Byte-order Marks
A Byte Order Mark (BOM) is a special two-, three-, or four-byte sequence at the beginning of a text file. It indicates the byte order (endianness) and encoding of the text. Without a BOM, programs might misinterpret byte order, causing rendering errors.
While optional, BOMs are useful for ensuring that programs correctly interpret file encoding, especially in UTF-16 and UTF-32.
BOMs are not recommended for UTF-8 files. The byte order is fixed and consistent, so a BOM is unnecessary. In fact, since the BOM is usually unexpected in UTF-8 files, its presence may confuse systems that try to read it, resulting in extraneous characters appearing where they shouldn't.
Examples
Byte-order marks:
- UTF-8:
EF BB BF
(not recommended)- UTF-16 Big-Endian:
- [
FE FF
] - UTF-16 Little-Endian:
- [
FF FE
] - UTF-32 Big-Endian:
- [
00 00 FE FF
] - UTF-32 Little-Endian:
- [
FF FE 00 00
]
These BOMs tell whatever system is reading the file how the bytes comprising each 16-bit unit are ordered. So, for example, for the character 𐍈 (U+10348
) the bytes in UTF-16 will be:
- UTF-16BE:
- [
D8 00
] [DF 48
] - UTF-16LE:
- [
00 D8
] [48 DF
]
Network-Transmitted Data
BOMs in network-transmitted data are less reliable and less common in network protocols, where explicit encoding declarations in headers (e.g., HTTP headers) are preferred.
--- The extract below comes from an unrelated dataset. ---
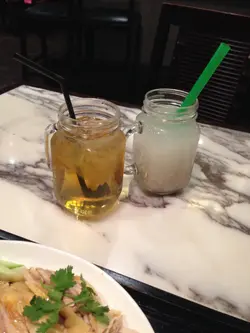 薏米水好清 & 菊花茶太甜(似菊花精)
Examples: Declaring Encoding in HTTP Headers
The Content-Type
header specifies the MIME type and character encoding of the content that follows.
Syntax:
Content-Type: <mime-type>; charset=<encoding>
UTF-8 (no BOM):
Content-Type: text/plain; charset=utf-8
UTF-16 with BOM (not common):
Content-Type: text/plain; charset=utf-16
UTF-16 without BOM (a Bad Thing™*):
Content-Type: text/plain; charset=utf-16
UTF-16LE (explicit endianness, no BOM):
Content-Type: text/plain; charset=utf-16le
UTF-16BE (explicit endianness, no BOM):
Content-Type: text/plain; charset=utf-16be
* This is a Bad Thing™ because it leave byte order ambiguous. It's then up to the receiving system to figure out the order of bytes in each 16-bit unit. Generally, the rule is that systems should be precise about what data they send and fault-tolerant about data they receive, but this assumes that the receiving system is well-implemented enough to do that. And given how much code** is written at 3 a.m. by sleep-deprived programmers on life-threatening doses of caffeine, that's not a good assumption.
** A lot.